1999 Student-Faculty Fellows: Colorado College
Japan: Diversity in Language: The Japanese /r/ Sounds
Mentor: Joan E. Ericson, Japanese
Student: Andrew J. Schroeder, ’99, Physics/English
Andrew J. Schroeder
Being my first experience with such a large research project, the trip taught me many things about preparing for such projects. Mainly, I learned the importance of consulting experts in the intended field of study. As for the research itself, I am quite pleased with the results as well as all I learned while doing the research. The trip will continue to be a part of my life for sometime to come–and not only in the form of hours and hours of data analysis. My first foray into linguistic research was too interesting and too much fun to allow it to be my last. I was fortunate to have been given this opportunity, and I would like to thank ASIANetwork for making the trip a reality.
Prof. Joan E. Ericson
I realize even more than before how important it is to be ready to mentor our students not only in the preparation of a project, but also in its execution. I am grateful to ASIANetwork for this opportunity to foster a young researcher and scholar of Japanese, and to have a part in overseeing that he have a productive and positive experience conducting his research in Japan. I also look forward to the conclusion of this project which will result in a pedagogical tool for students of Japanese. During our time in Japan, I was able to re-establish connections with scholars and educators at seven locations, and in my discussions with them, explore the possibilities of related studies and research. I was also able to carry out some of my own research during the several days I remained in Tokyo after the student returned home. More importantly, throughout the research trip, I was able to take dozens of photos with my new digital camera, and have already begun to use them in Power Point demonstrations in my Japanese Culture course.

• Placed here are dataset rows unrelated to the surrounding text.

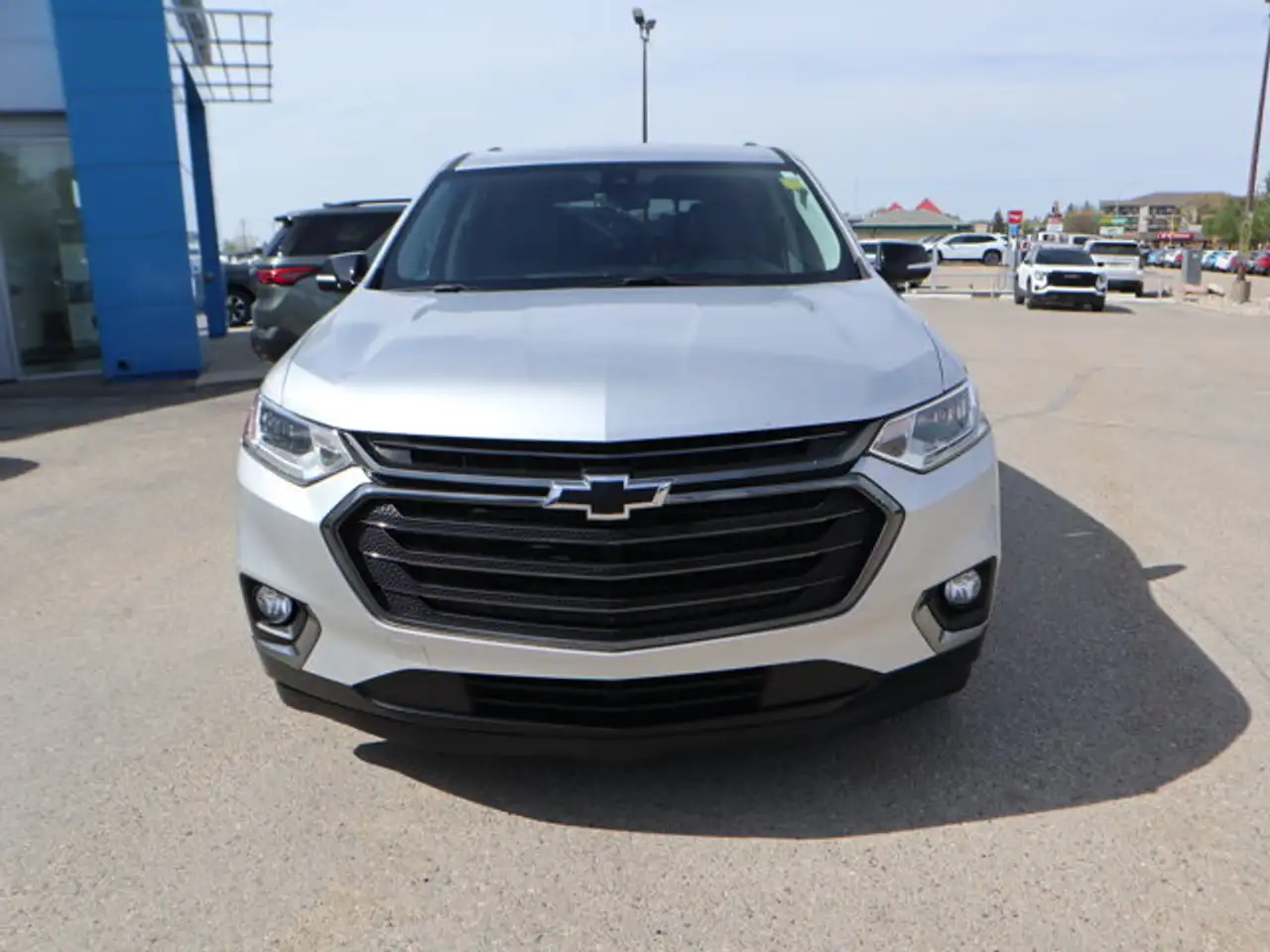 Chevrolet Traverse снимка Chevrolet Traverse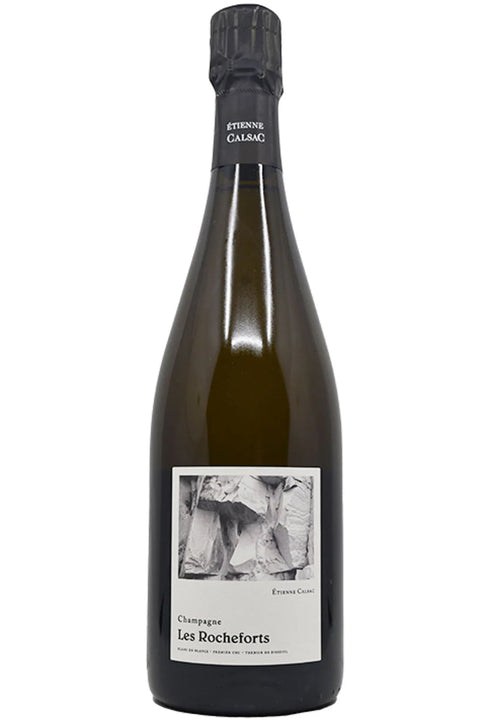 NV Etienne Calsac Blanc de Blancs 1er Cru "Les Rocheforts Terroir de Bisseuil", Champagne, France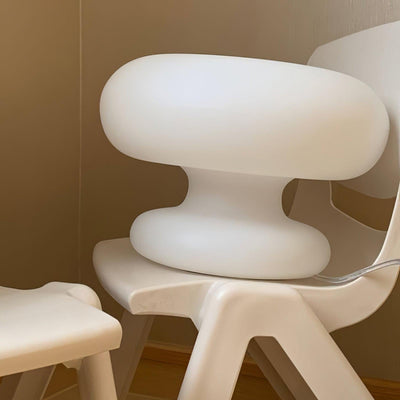 Liorirette Glass Contemporary Table Lamp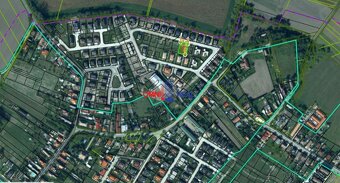 Nová lokalita - Stavebný pozemok pre rodinný dom, Lehnice -  - 2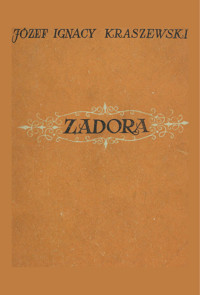 Zadora - Józef Ignacy Kraszewski - ebook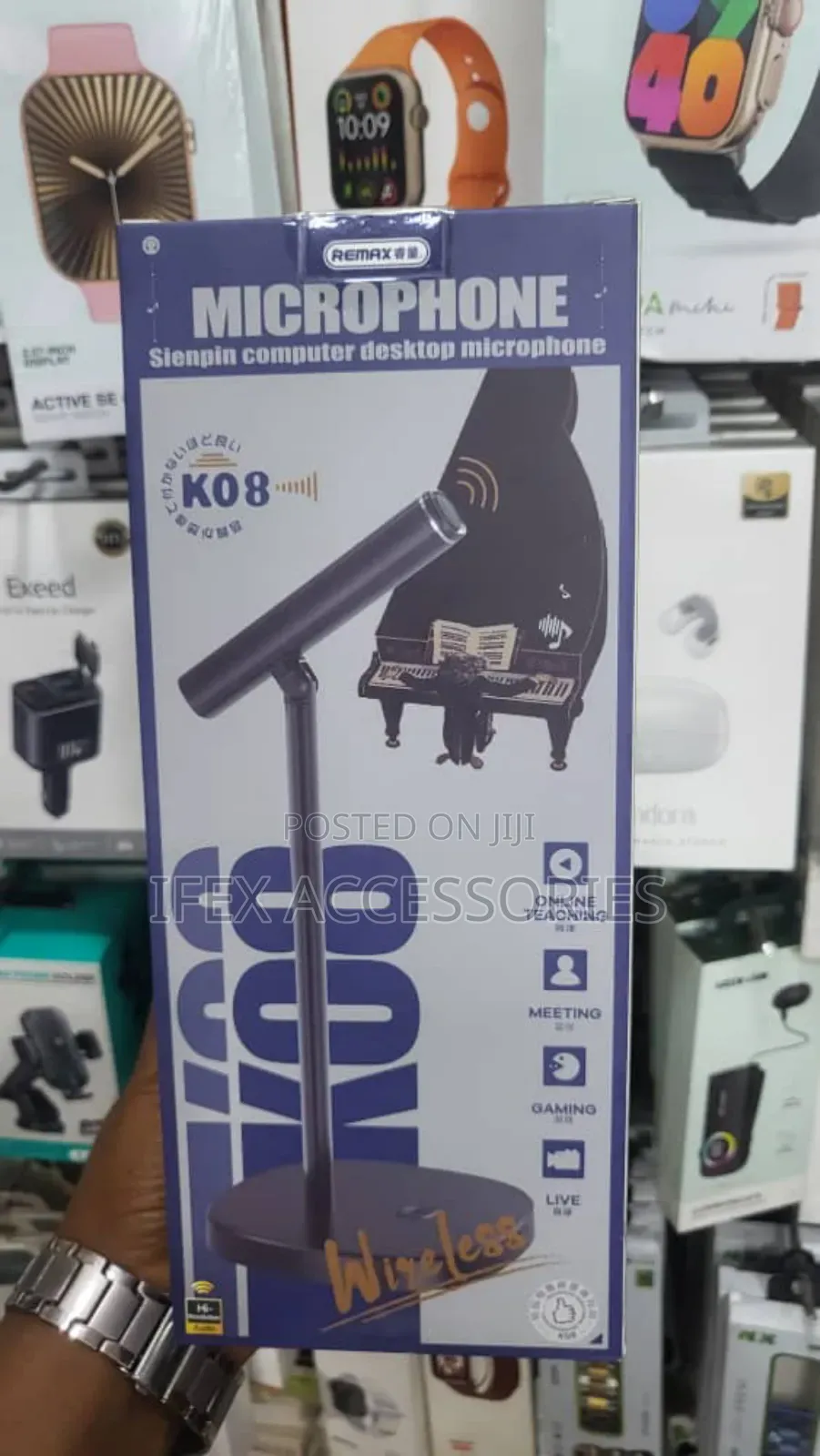 Remax Microphone 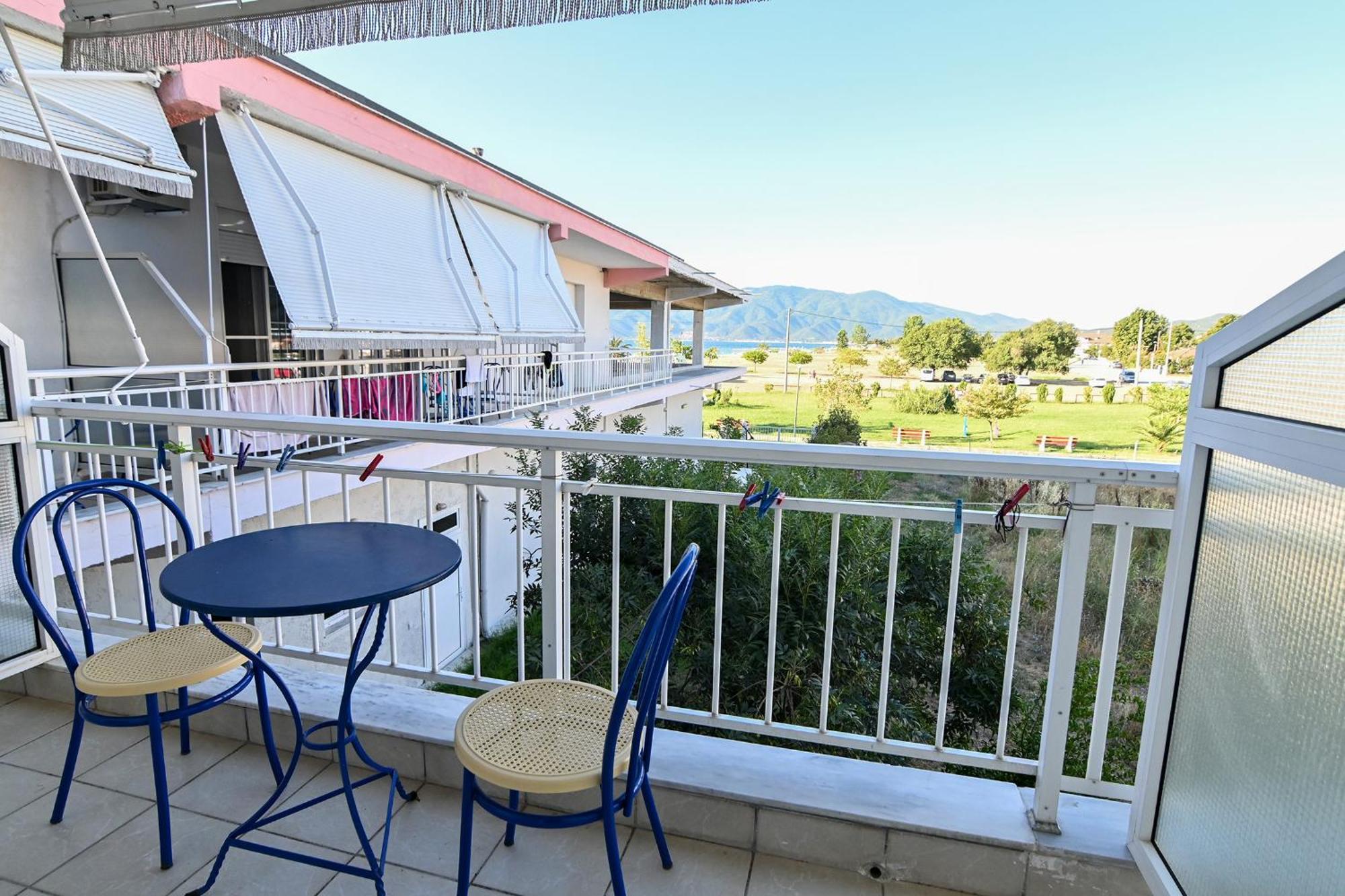 Greece Asprovalta Rooms Accomodation Apartment Hotel Petalo Exterior foto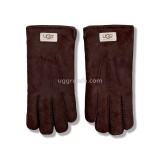 Купить UGG Перчатки Замшевые Женские Коричневые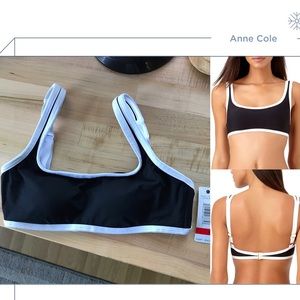 NWT Anne Cole swimwear top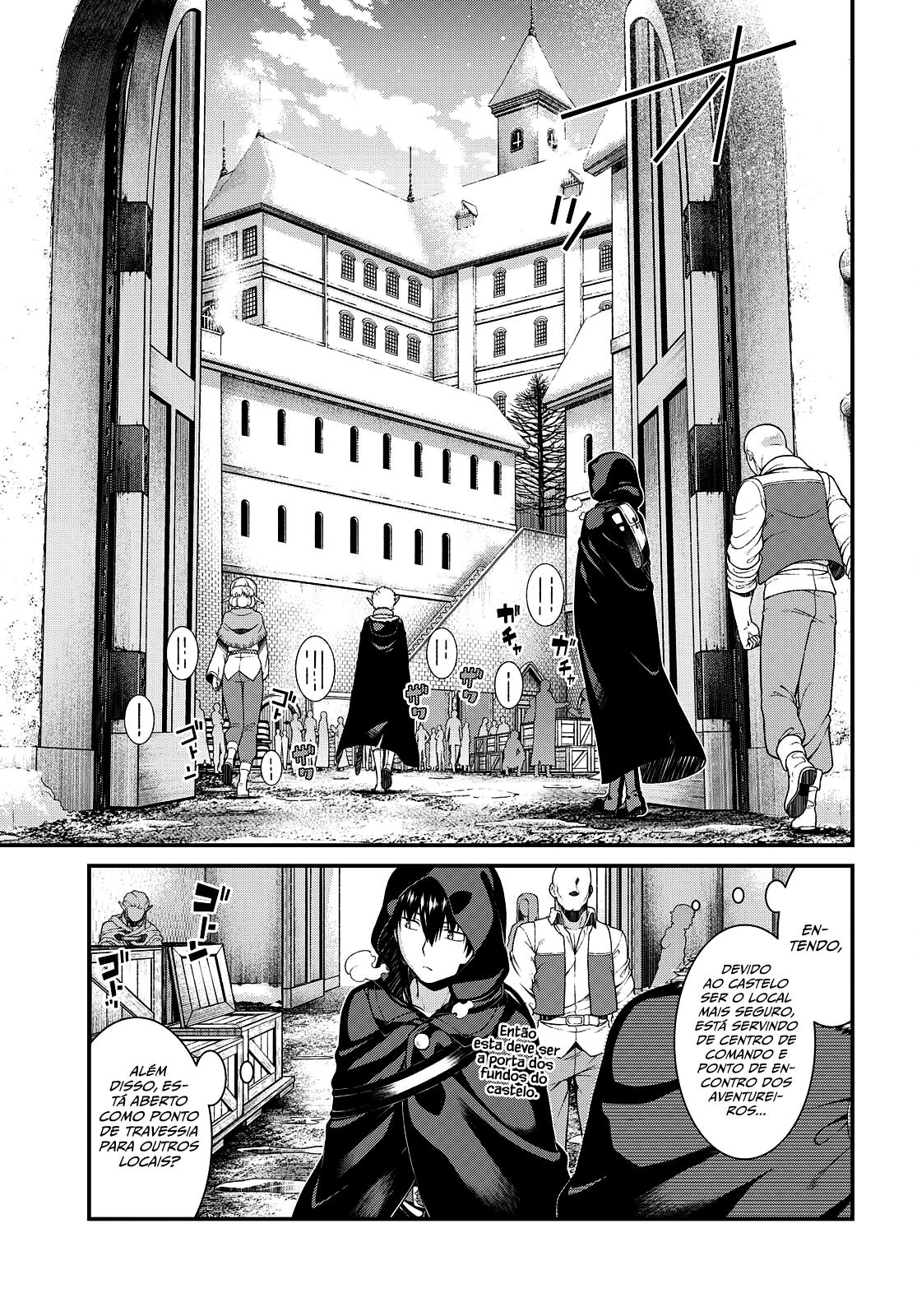 Isekai Meikyuu de Harem Wo Capítulo 1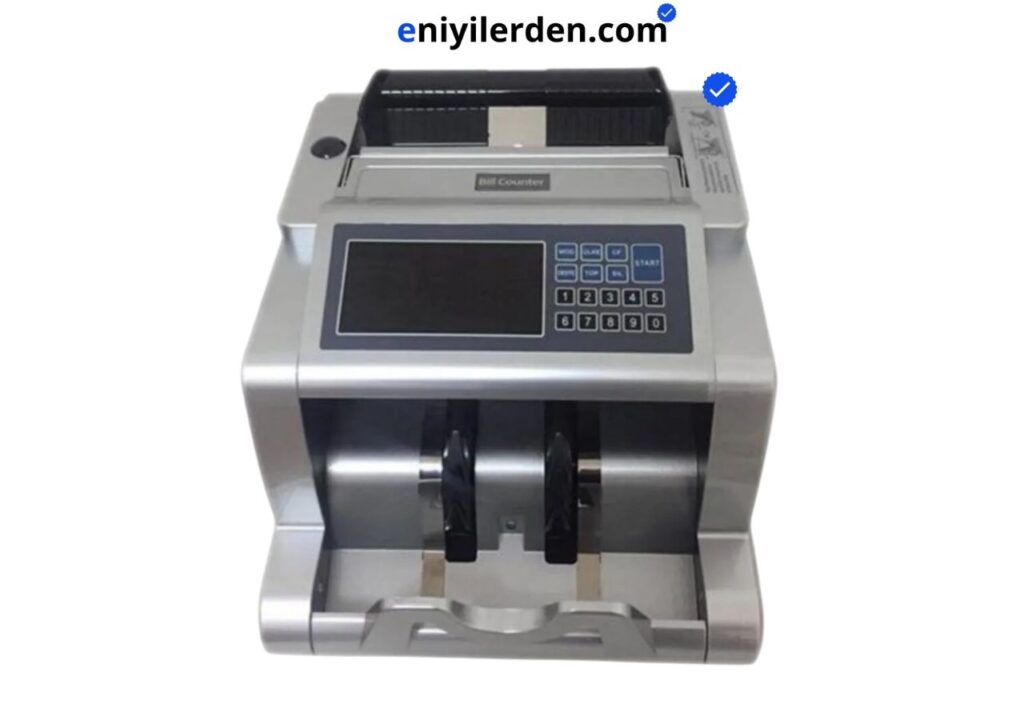 Yıldırım TL ve Euro Karışık Para Sayma Makinesi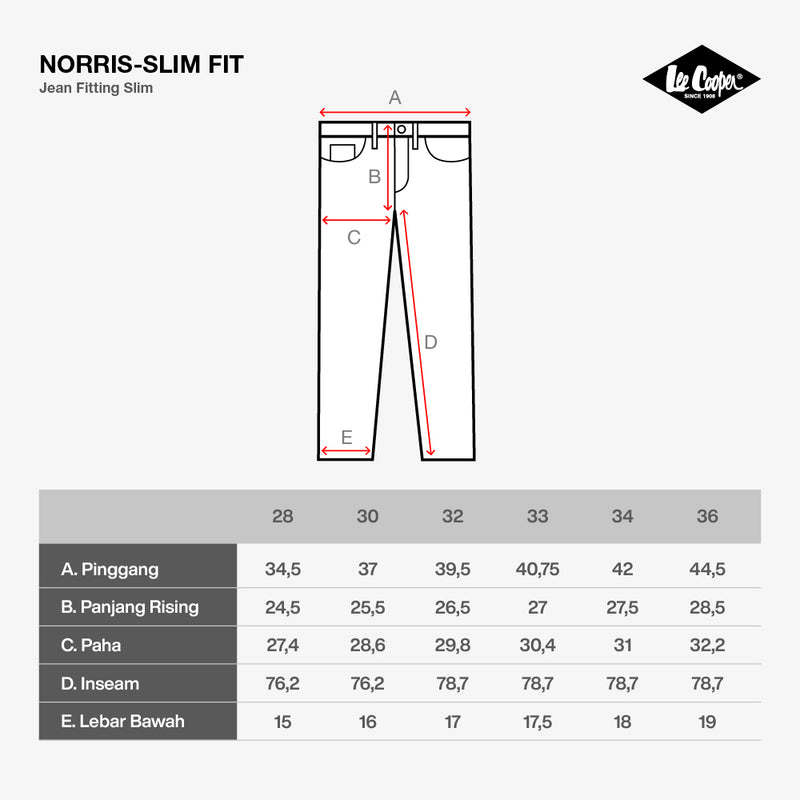 Lee Cooper Slim Fit Jeans Norris Dry Black Teen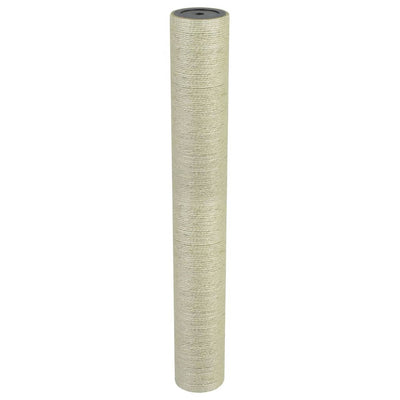 Vidaxl chat grattant post 8x60 cm 8 mm beige
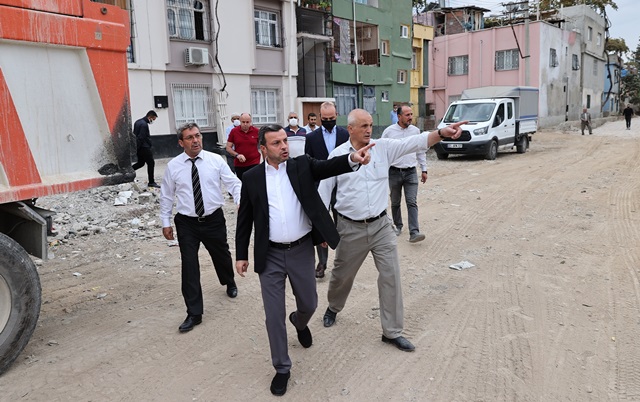 BAŞKAN KOCAİSPİR 40 YILDIR YAPILMAYANI YAPIYOR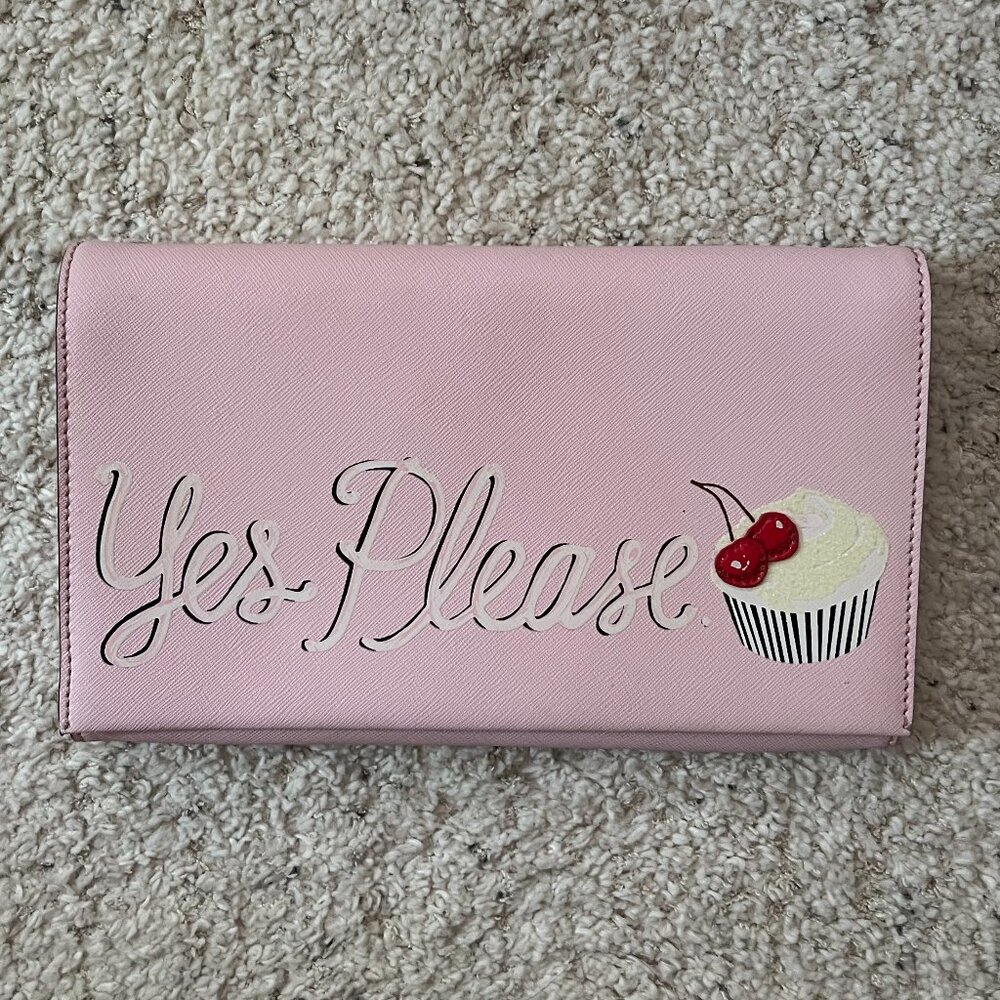 Kate Spade New York Magnolia Bakery Yes Please Tally Clutch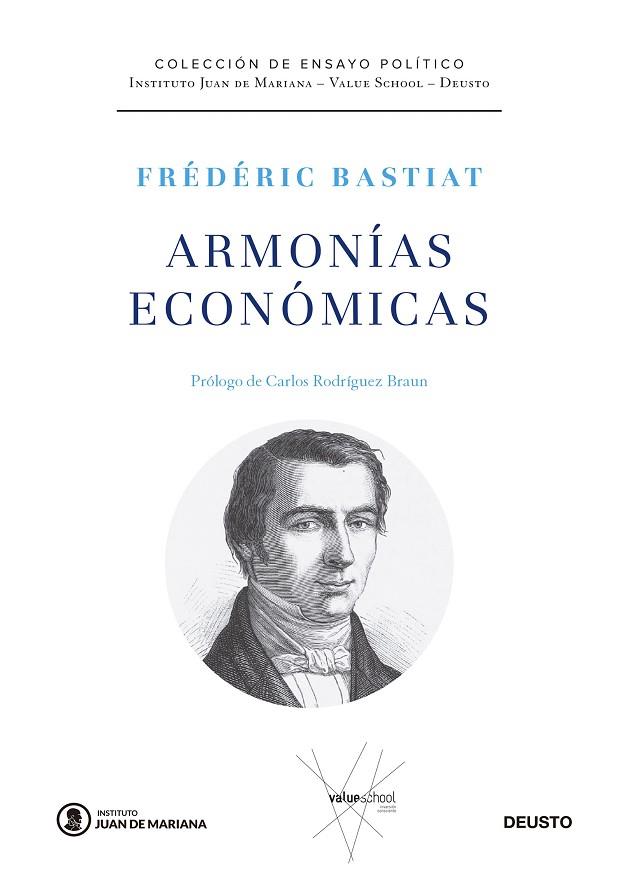 Armonías económicas | 9788423433513 | Bastiat, Frédéric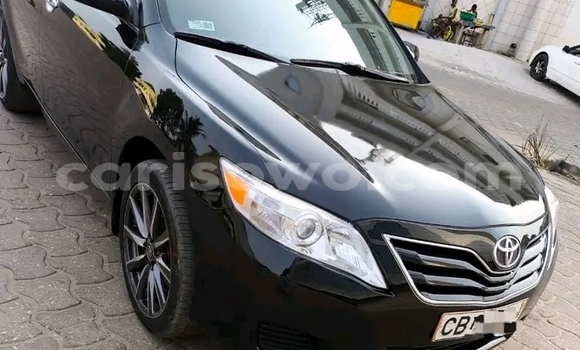Sayi Na hannu Toyota Camry Black Mota in Cotonou a Benin Sayi Na hannu Toyota Camry Black Mota in Cotonou a Benin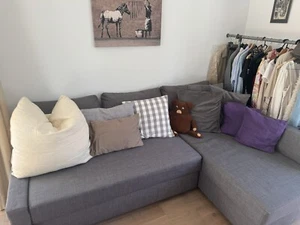 IKEA Friheten Eckbettsofa mit Bettkasten Schlafsofa - Bild 1 von 1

The main result is that dialect differences seem to be minimized when reading. Despite this fact, our ears were able to discern a few differences. These differences are interesting in that they represent specific remnants of classical Japanese. The data analysis to follow may reveal some more subtle differences that our ears did not perceive.
Venues for Sharing
We presented initial findings to the Colorado College community during the summer of 1999. The audience was composed mainly of a Japanese class and several members of the physics department. We discussed initial findings and ways in which the students will be able to use the equipment to improve their pronunciations of the /r/ phonemes. We plan to attend the ASIANetwork conference in April. Andy hopes to use the techniques developed during the trip with students he will teach while on the JET Program.